Let’s model this step by step:

\[P' = Rp + t = [X, Y, Z']^T\]

Here \((R, t)\) is the camera pose. And since \(R\) is an antisymmetric matrix, it has the following shape:

\[\begin{bmatrix} 0 & -a_1 & a_2 \\ a_1 & 0 & -a_3 \\ -a_2 & a_3 & 0 \end{bmatrix}\]

You can see that there’s only three variables in the matrix above, thus there’s only 3 degree of freedom in rotation, and you only need to optimize 3 variables in your Gauss-Newton for rotation matrix estimation. This key idea then convert into another algebra called lie algebra, since lie algebra will take another post to introduce, here I’ll just explain what it is used for: it’s a group of matrice with customized operations on it. To be understandable, they are just compressing the \(R_{3x3}\) and \(t_{3x1}\) into a vector \(\xi_{1x6}\). The formal definition is as following:

\[\begin{align} \xi &= \begin{bmatrix} \rho \\ \phi \\ \end{bmatrix} \in R^6, \rho \in R^3, \phi \in SO(3), \xi^{\wedge} = \begin{bmatrix} \phi^{\wedge} & \rho \\ 0^T & 0 \\ \end{bmatrix} \in R^{4x4} \end{align}\]

Here \(SO(3)\) is the antisymmetric matrix above, the rotation matrix. \(\wedge\) is the operator that convert a vector into antisymmetric matrix. \(\xi\) is in \(R^{4x4}\) means it’s under homogeneous coordinate. The reason to extend the 3x3 matrix into 4x4 homogeneous coordinate is that by introducing a new dimension, we can easily write the Transformation linearly.

Okay, enough background introducing. Let’s go back to the projection model:

\[P_c = [u_c,v v_c, 1]^T = [X'/Z', Y'/Z', 1]^T\]

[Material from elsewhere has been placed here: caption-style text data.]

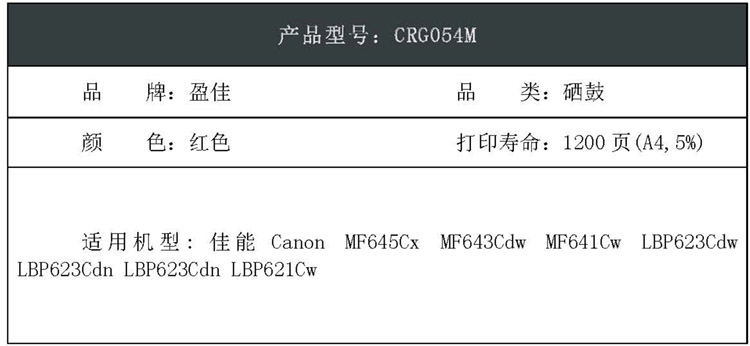商品詳情圖片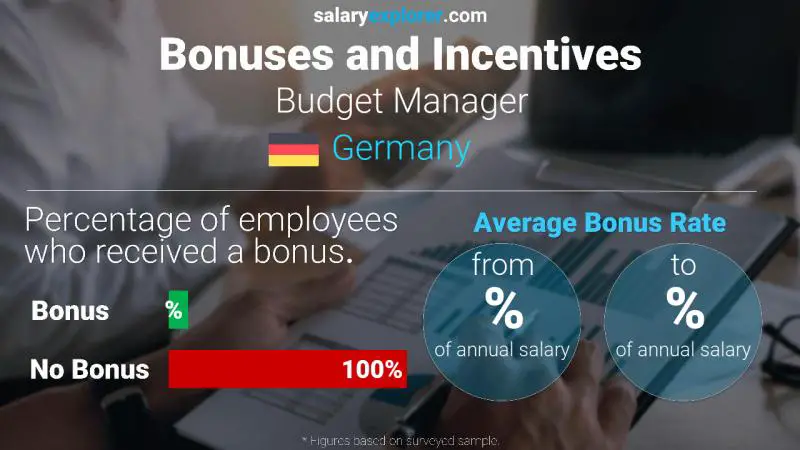 Annual Salary Bonus Rate Germany Budget Manager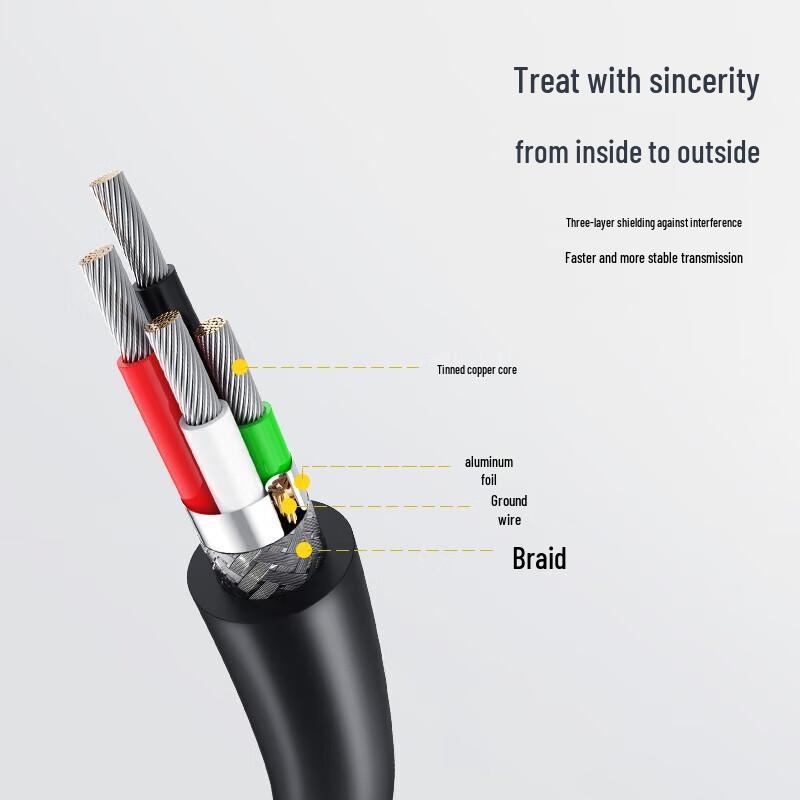 Ugreen USB2.0 Male-to-Male Data Cable
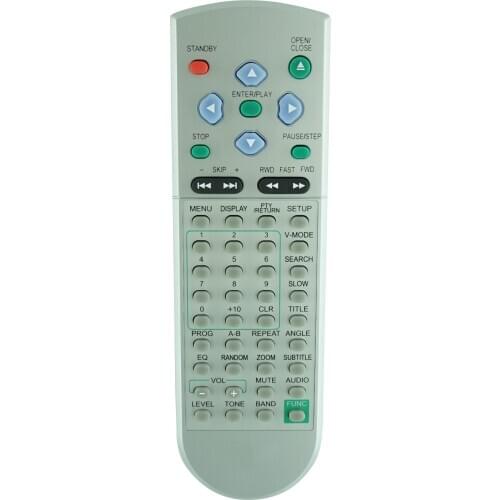 Remote Control For Clatronic DVD569HC DVD569 DVD Mono HiFi Speaker System Player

Equation above is just a normalization, and now we define:

\[z = h(\xi, p) \\ e = z' - h(\xi, p)\]

Here \(h\) is the projection matrix, which project the host frame point \(p\) (the 3d point (landmarker) in the world that is still in host frame coordinate) into target frame pixel position \(z = [u, v]\). By sum up all land marker in all time, we get a cost function like this:

\[\sum_t\sum_p{||e_{tp}||^2}\]

Which is a least squred optimization problem now. Since observation function \(h(\xi, p)\) is a non-linear function, we can use Gauss-Newton method to optimize it. The delta update is \(\Delta = [\xi, p]\) which is a \(6+n\) vector, 6 is the degree of freedom of camera pose, \(n\) is the land mark point number. Accordingly, use taylor approximation, we can approximate the cost function as the following equation:

\[||e(x + \Delta x)||^2 = \sum_t\sum_p||e_{tp} + \frac{\partial e}{\partial \xi}\Delta \xi + \frac{\partial e}{\partial p}\Delta p||^2\]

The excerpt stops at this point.